Launched in 2005, CIMAM’s Travel Grant Program is designed to foster cooperation and cultural exchange between contemporary art curators and museums directors in emerging and developing economies and their counterparts in other regions of the world.
Sabrina Moura's Conference Report
What is the role of indigenous curators and art historians in the recent processes of museums’ and collections’ revision? What spaces have they been occupying in the rewriting of art history? How does indigeneity become an act of positioning in the museum space? These were some of the questions that emerged from the opening panel of the 2019 CIMAM Annual Conference, crossing, in many different ways, most of the subsequent discussions at the summit.
In the conference’s inaugural panel, curators Ngahiraka Mason, Wanda Nanibush and Wesley Enoch shared their experiences of identity affirmation and how their Maori, Anishinaabe-kwe, and Noonuccal Nuugi origins (respectively) have encompassed their curatorial perspectives. Following the “acknowledgment of country” and “welcome to country”, these positionings were announced in the very introduction of the curators’ speeches, imparting the significance of ancestralism in their practices. While listening to such stories and projects, many of the international delegates were intrigued by meaning the ceremonies that invited Indigenous or non-Indigenous people to acknowledge and pay respect to the Aboriginal history of the land where one was situated.
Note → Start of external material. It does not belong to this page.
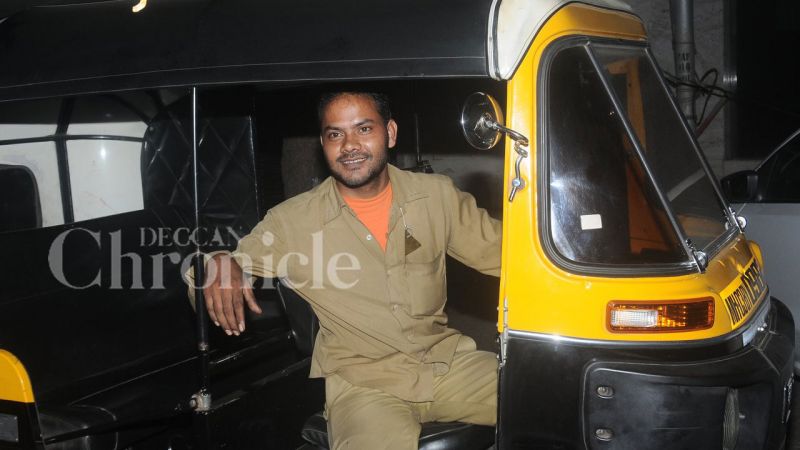 Sanjay Dutt takes a late night joy ride in an auto-rickshaw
Coming from Brazil – where the contestation of native-land ownership has been at the core of the political agenda – these positionings evidence the importance of identity affirmation in the mobilization of strong political discourses to counter the dismantling of indigenous rights. Whereas the correspondence of such movements cannot be easily translated, context becomes a point of depart to underscore the role of these claims in the Australian public discourse. Along these lines, the diversity of responses to identity politics can only be understood through history, which points to a categoric answer to the question that structured the conference: indeed, context is everything!
The intersections between the spheres of politics and the arts have taken on broader contours in the discussions related to the role of censorship and the recent interference of far-right governments in cultural institutions. While sharing daily-life struggles in times of adversity, a network of curators and museum directors working in the Brazilian, Polish, Japanese, Turkish and Moroccan contexts raised awareness to common strategies to bypass cultural surveillance. Some of our questions were: Have we been (un)consciously adhering to self-censorship in our projects? What can we learn from the experiences of other colleagues? What is the role of CIMAM in the mobilization of an international platform to monitor censorship in the arts? These were some of the questions that might echo in the following conference and, most importantly, point to a key path for collaboration among peers working in facing political adversities in the museums' sector.
I would like to thank the Getty Foundation and the CIMAM selection committee for the opportunity to participate in this conference, as well as Marta Mestre, Maria Teresa Tavares, Aleksandra Jalas and Nikos Papastergiades for the valuable insights on "context".